Adattato dal romanzo omonimo di Denis Johnson, scritto per lo schermo da Léa Mysius, a Cannes anche con la regia Les cinques diables, e Andrew Litvack, è Stars at Noon, diretto da Claire Denis, interpretato dalla bellissima Margaret Qualley, figlia di Andie MacDowell e già apprezzata in C’era una volta a… Hollywood di Tarantino, Joe Alwyn, che ha rimpiazzato prima Robert Pattinson e poi Taron Egerton, il panamense Danny Ramirez, un poliziotto costaricano, e – bravo anche come attore – il regista Benny Safdie nei panni di un agente Cia.

È in Concorso a Cannes, dove Denis debuttò nel 1988 con l’esordio Chocolat: oggi, dopo una ventina di lungometraggi e documentari in carnet, la cineasta francese continua a disegnare de decrittare le geometrie variabili delle relazioni umane aderendo a due generi, thriller e romance, e trasportando ai giorni nostri il Nicaragua sandinista del 1984 fotografato da Johnson.

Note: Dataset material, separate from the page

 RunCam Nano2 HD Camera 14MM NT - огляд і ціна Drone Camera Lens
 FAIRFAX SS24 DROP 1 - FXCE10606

È il suo quindicesimo lungo di finzione, rinnova la sua erranza cinematografica, alimenta l’indagine antropologica ed esistenziale e corrobora l’osservazione e il viaggio, risalenti alla sua infanzia africana, che sono topoi stessi del suo corpus.

Girato a Panama, giacché col governo guidato dall'ex rivoluzionario sandanista Ortega dal 2007 il Nicaragua era inibito, Stars at Noon può anche affascinare, ma non è un film riuscito: il romance appare lezioso, il thriller fin troppo elusivo, sicché il nonsense tanto intellettuale quanto involontario, per giunta a rischio supercazzola, domina entrambi i versanti e il film tutto.

Niente da dire, eccetto plauso, per gli attori, più di qualche battuta – “Che pelle bianca che hai, sembra di scopare con le nuvole o la nebbia” – a segno, ma troppe stasi, troppi tè nel deserto qui solo drammaturgico, troppe iterazioni e secche, troppo compiacimento, perché queste stelle a mezzogiorno non si pretende brillino, ma si vedano almeno.

Che cosa salviamo? Qualley, e non male abbiamo detto nemmeno gli altri interpreti, i sublimi Tinderstick: la band britannica e segnatamente il frontman Stuart A. Staples hanno già firmato, tra gli altri, White Material, High Life, Bastards & Let the Sunshine. Nonché qualche sequenza straniante, nichilista, ambiguissima come il (soprav)vivere oggi, potenziato con spy e dépense.

Ma tutti non fanno un salvagente, anzi, un salvafilm: peccato, le stelle stingono in sceneggiatura, il mezzogiorno è digiuno.